### [Aim of the exercise]
Return exactly the lines of the records below, starting at the line that contains "Eyüpsultan’da özel otoparka" and ending at the line that contains "פלואמור Pieds Dans", with both of those lines kept.

### [Dataset entries]

════════

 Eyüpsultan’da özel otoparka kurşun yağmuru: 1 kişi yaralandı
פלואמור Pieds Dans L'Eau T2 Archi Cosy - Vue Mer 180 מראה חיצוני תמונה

════════

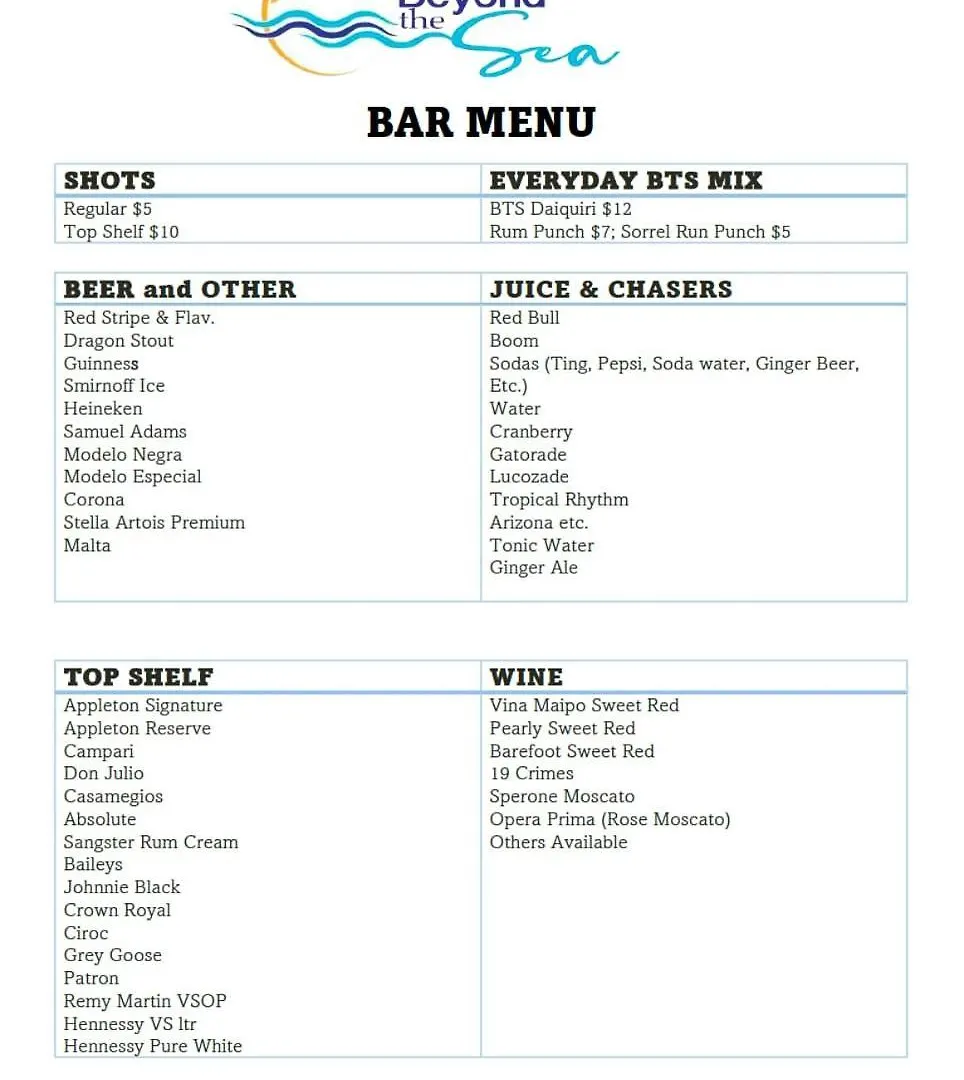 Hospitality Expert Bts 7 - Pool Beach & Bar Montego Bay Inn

════════

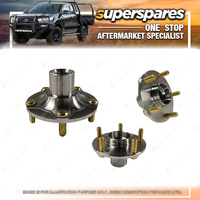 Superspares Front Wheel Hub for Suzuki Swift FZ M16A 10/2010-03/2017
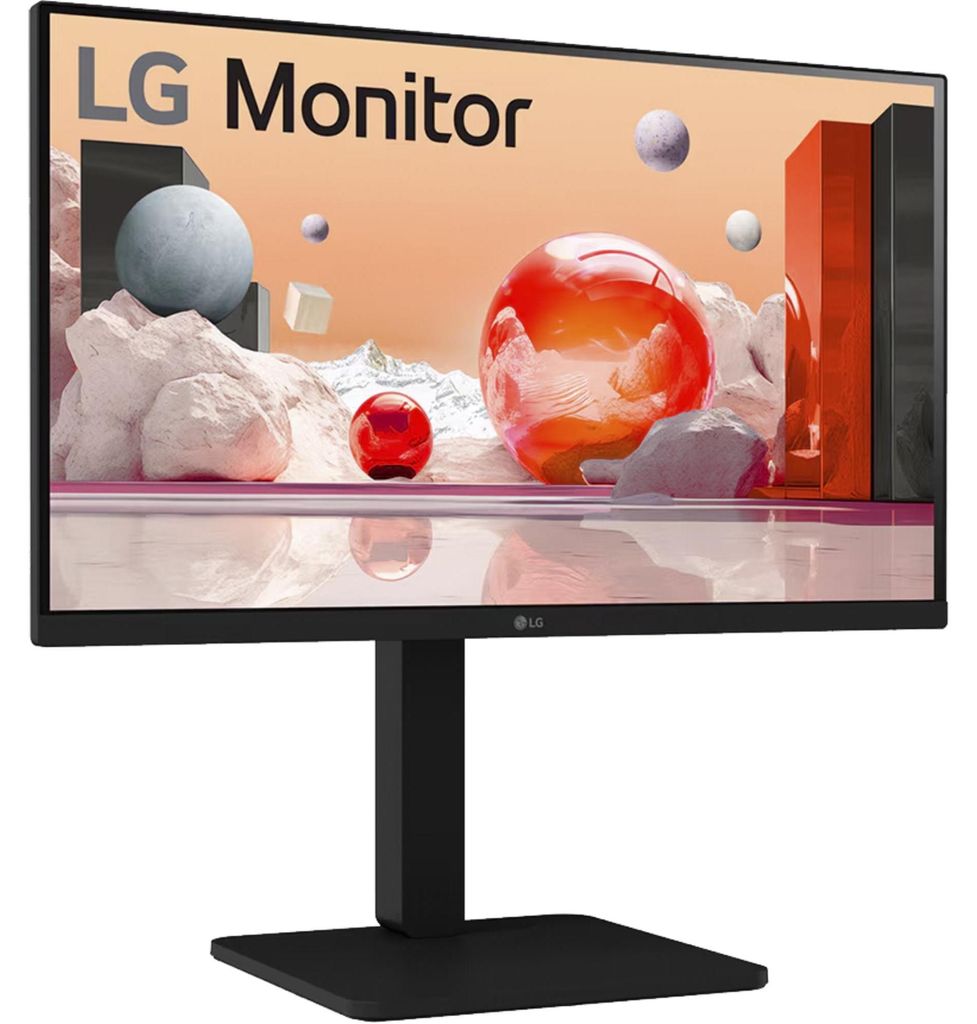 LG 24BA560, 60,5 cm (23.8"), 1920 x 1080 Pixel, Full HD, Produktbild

════════

### [Output below]
 Eyüpsultan’da özel otoparka kurşun yağmuru: 1 kişi yaralandı
פלואמור Pieds Dans L'Eau T2 Archi Cosy - Vue Mer 180 מראה חיצוני תמונה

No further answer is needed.